• WORK ITEM
Leave the pictures out and write out the rest of the listing word for word.

• RECORDED INFORMATION
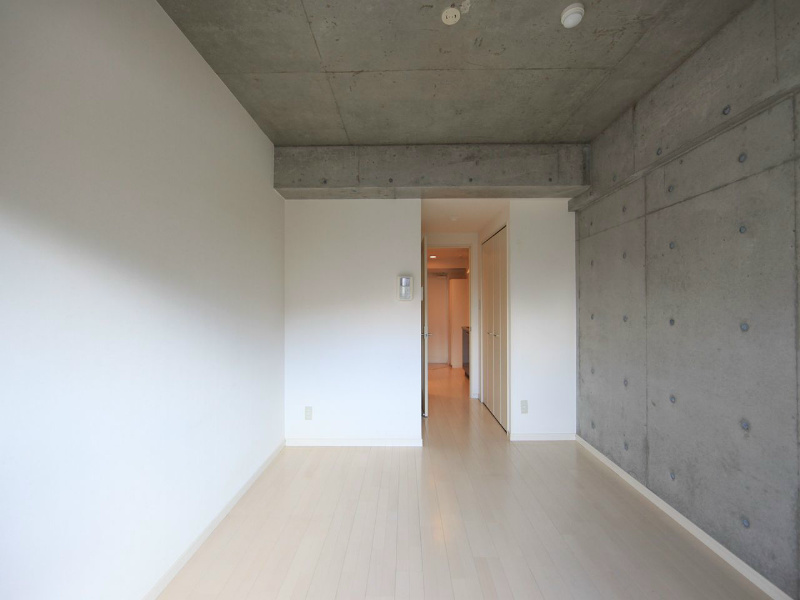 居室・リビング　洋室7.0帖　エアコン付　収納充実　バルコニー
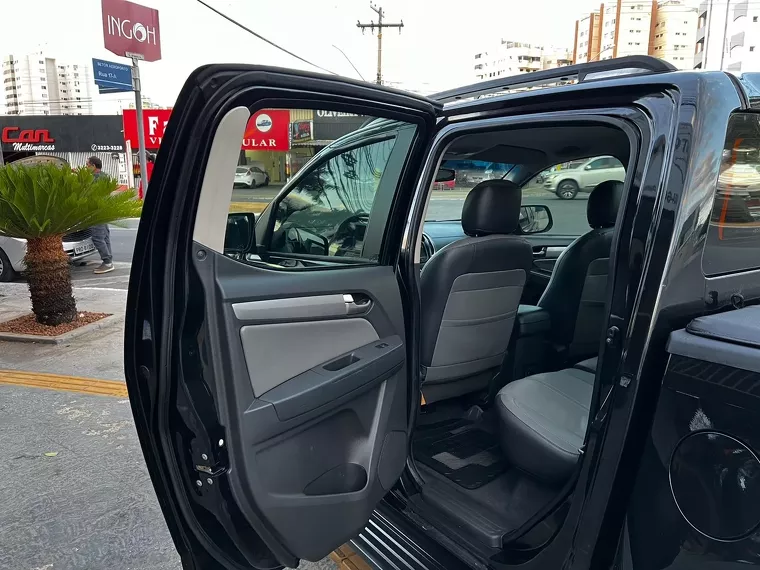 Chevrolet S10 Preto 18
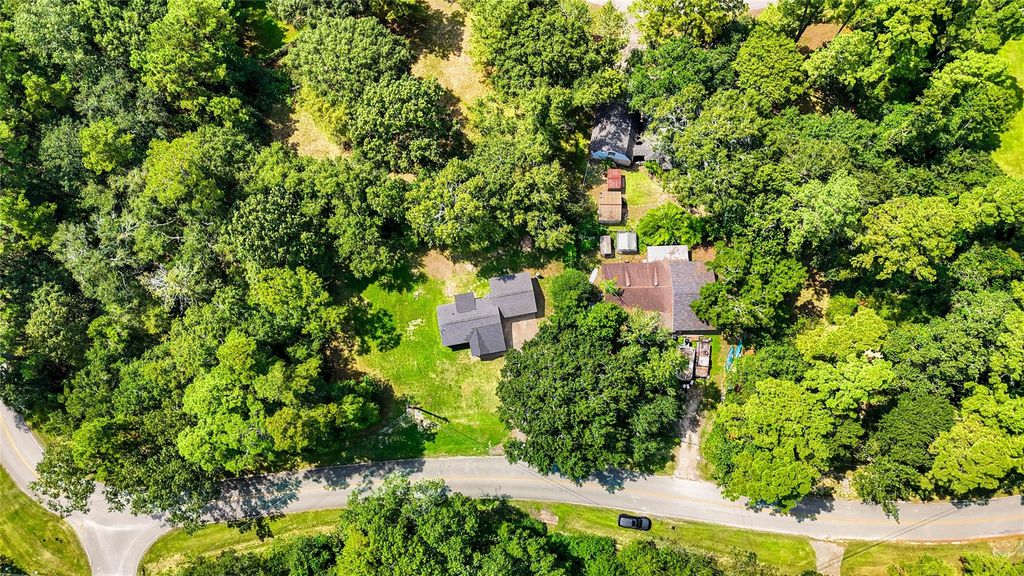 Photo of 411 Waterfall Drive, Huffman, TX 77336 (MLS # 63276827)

• ANSWER FOR THIS EXERCISE
 居室・リビング　洋室7.0帖　エアコン付　収納充実　バルコニー
 Chevrolet S10 Preto 18
 Photo of 411 Waterfall Drive, Huffman, TX 77336 (MLS # 63276827)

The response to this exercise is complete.